LabelMe

Last updated March 27, 2021

LabelMe is a project created by the MIT Computer Science and Artificial Intelligence Laboratory (CSAIL) which provides a dataset of digital images with annotations. The dataset is dynamic, free to use, and open to public contribution. The most applicable use of LabelMe is in computer vision research. As of October 31, 2010, LabelMe has 187,240 images, 62,197 annotated images, and 658,992 labeled objects.

Motivation

The motivation behind creating LabelMe comes from the history of publicly available data for computer vision researchers. Most available data was tailored to a specific research group's problems and caused new researchers to have to collect additional data to solve their own problems. LabelMe was created to solve several common shortcomings of available data. The following is a list of qualities that distinguish LabelMe from previous work.

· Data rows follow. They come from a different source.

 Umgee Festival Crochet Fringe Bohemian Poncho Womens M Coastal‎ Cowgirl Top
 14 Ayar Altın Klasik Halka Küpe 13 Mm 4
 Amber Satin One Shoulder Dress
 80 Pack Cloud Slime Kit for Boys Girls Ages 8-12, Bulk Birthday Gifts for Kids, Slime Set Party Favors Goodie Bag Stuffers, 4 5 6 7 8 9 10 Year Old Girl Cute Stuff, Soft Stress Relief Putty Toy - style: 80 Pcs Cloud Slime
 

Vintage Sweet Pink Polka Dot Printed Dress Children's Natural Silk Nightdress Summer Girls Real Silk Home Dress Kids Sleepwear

Designed for recognition of a class of objects instead of single instances of an object. For example, a traditional dataset may have contained images of dogs, each of the same size and orientation. In contrast, LabelMe contains images of dogs in multiple angles, sizes, and orientations.
Designed for recognizing objects embedded in arbitrary scenes instead of images that are cropped, normalized, and/or resized to display a single object.
Complex annotation: Instead of labeling an entire image (which also limits each image to containing a single object), LabelMe allows annotation of multiple objects within an image by specifying a polygon bounding box that contains the object.
Contains a large number of object classes and allows the creation of new classes easily.
Diverse images: LabelMe contains images from many different scenes.
Provides non-copyrighted images and allows public additions to the annotations. This creates a free environment.

Annotation Tool

The LabelMe annotation tool provides a means for users to contribute to the project. The tool can be accessed anonymously or by logging into a free account. To access the tool, users must have a compatible web browser with JavaScript support. When the tool is loaded, it chooses a random image from the LabelMe dataset and displays it on the screen. If the image already has object labels associated with it, they will be overlaid on top of the image in polygon format. Each distinct object label is displayed in a different color.

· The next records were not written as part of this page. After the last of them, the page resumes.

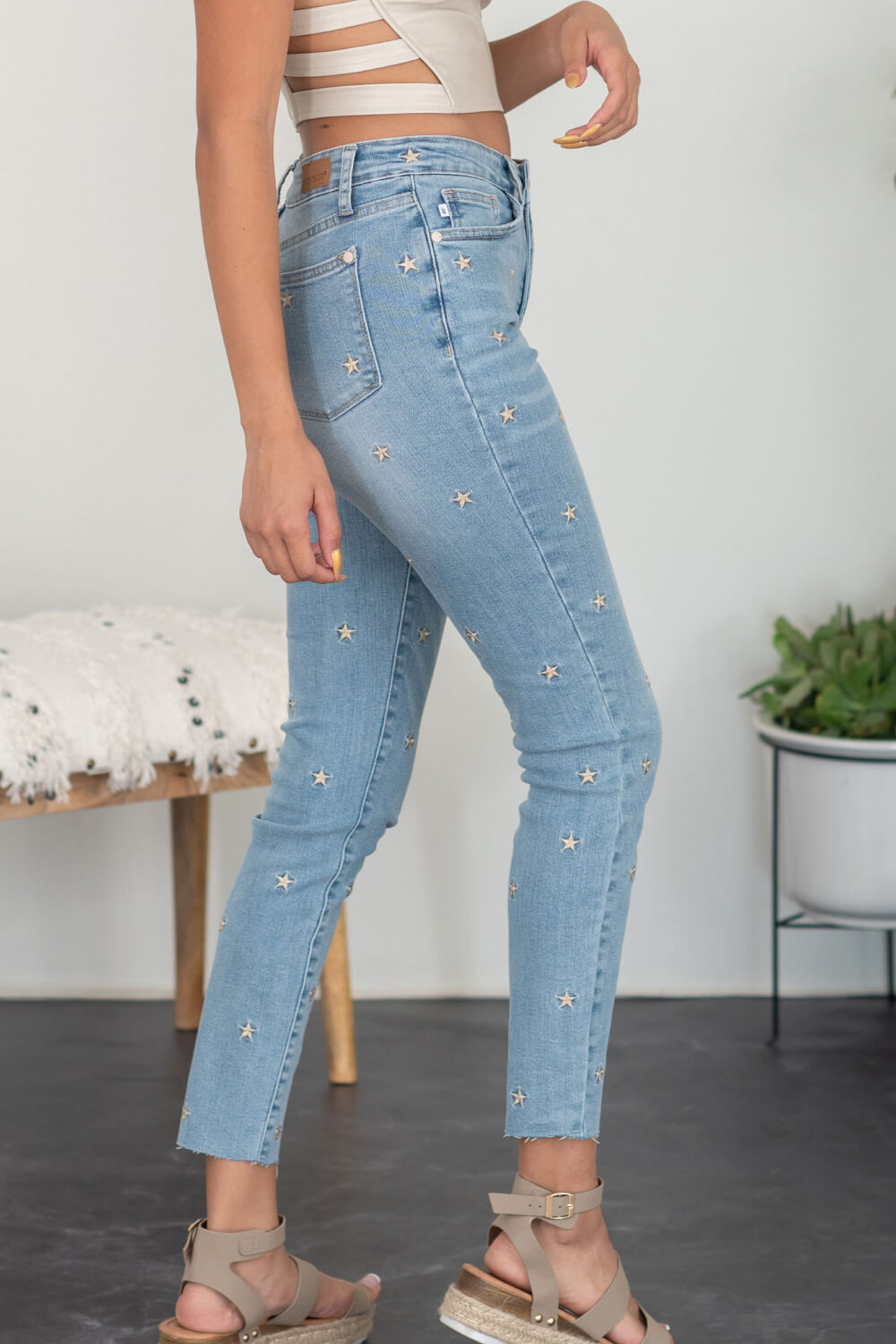 Judy Blue All the Stars Full Size Embroidered Skinny Jeans - trendy chick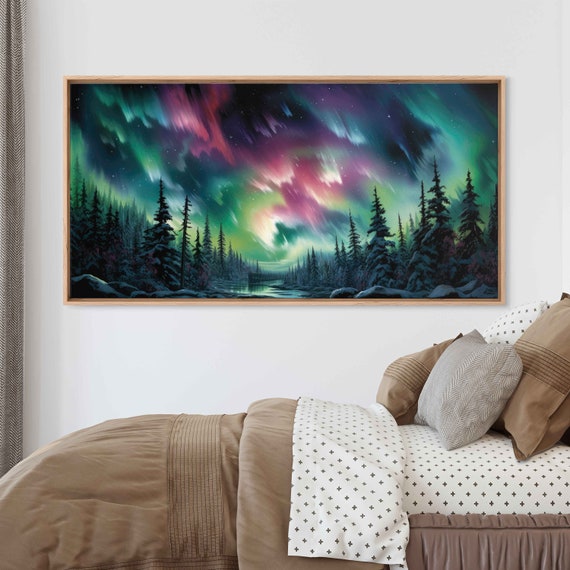 Aurora Borealis Alaska Landscape Oil Painting Framed Print Ready To Hang Modern Oil Painting Office Decor Colorful Neon Sky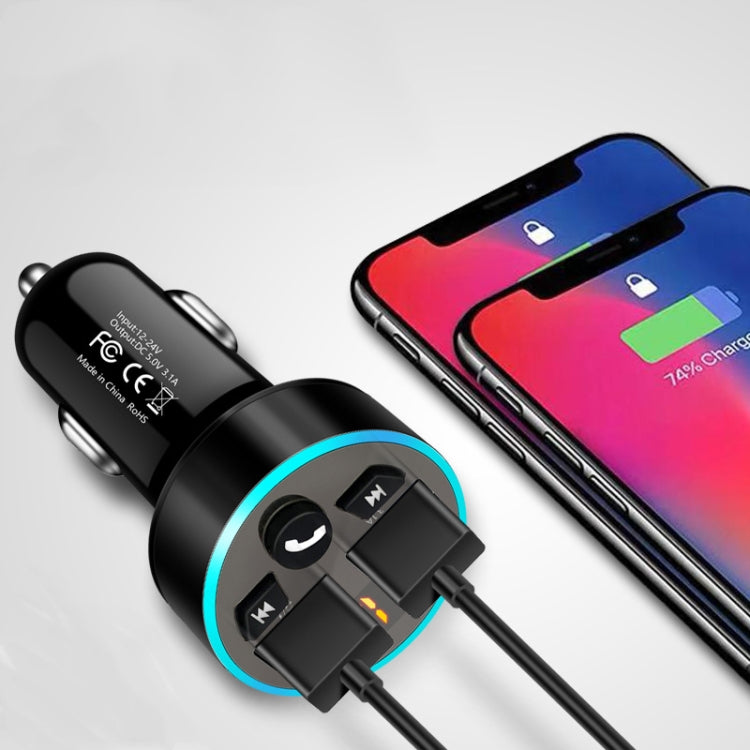 Halo Car MP3 Bluetooth Player Car Charger Car FM Transmitter 3.1A Car Charger(Tyrant Gold) - Car Charger by PMC TechLife | Online Shopping South Africa | PMC TechLife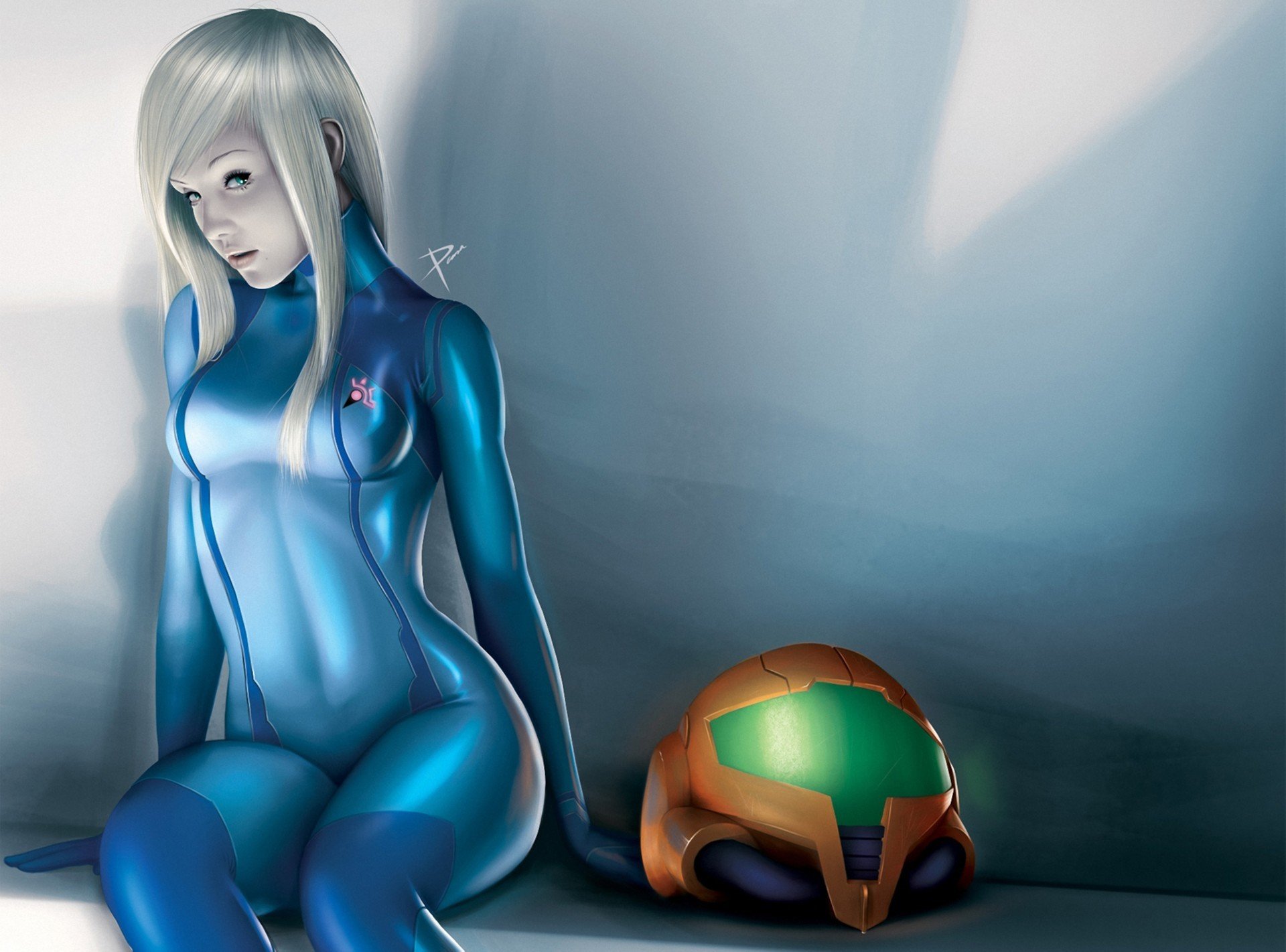 art metroid zero kostium samus dziewczyna kask garnitur siedzi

If the image is not completely labeled, the user can use the mouse to draw a polygon containing an object in the image. For example, in the adjacent image, if a person was standing in front of the building, the user could click on a point on the border of the person, and continue clicking along the outside edge until returning to the starting point. Once the polygon is closed, a bubble pops up on the screen which allows the user to enter a label for the object. The user can choose whatever label the user thinks best describes the object. If the user disagrees with the previous labeling of the image, the user can click on the outline polygon of an object and either delete the polygon completely or edit the text label to give it a new name.

As soon as changes are made to the image by the user, they are saved and openly available for anyone to download from the LabelMe dataset. In this way, the data is always changing due to contributions by the community of users who use the tool. Once the user is finished with an image, the Show me another image link can be clicked and another random image will be selected to display to the user.

Problems with the data

The LabelMe dataset has some problems. Some are inherent in the data, such as the objects in the images not being uniformly distributed with respect to size and image location. This is due to the images being primarily taken by humans who tend to focus the camera on interesting objects in a scene. However, cropping and rescaling the images randomly can simulate a uniform distribution.^[1] Other problems are caused by the amount of freedom given to the users of the annotation tool. Some problems that arise are:

The user can choose which objects in the scene to outline. Should an occluded person be labeled? Should an occluded part of an object be included when outlining the object? Should the sky be labeled?
The user has to describe the shape of the object themselves by outlining a polygon. Should the fingers of a hand on a person be outlined with detail? How much precision must be used when outlining objects?
The user chooses what text to enter as the label for the object. Should the label be person, man, or pedestrian?

The creators of LabelMe decided to leave these decisions up to the annotator. The reason for this is that they believe people will tend to annotate the images according to what they think is the natural labeling of the images. This also provides some variability in the data, which can help researchers tune their algorithms to account for this variability.^[2]

Extending the data

Using WordNet

Since the text labels for objects provided in LabelMe come from user input, there is a lot of variation in the labels used (as described above). Because of this, analysis of objects can be difficult. For example, a picture of a dog might be labeled as dog, canine, hound, pooch, or animal. Ideally, when using the data, the object class dog at the abstract level should incorporate all of these text labels.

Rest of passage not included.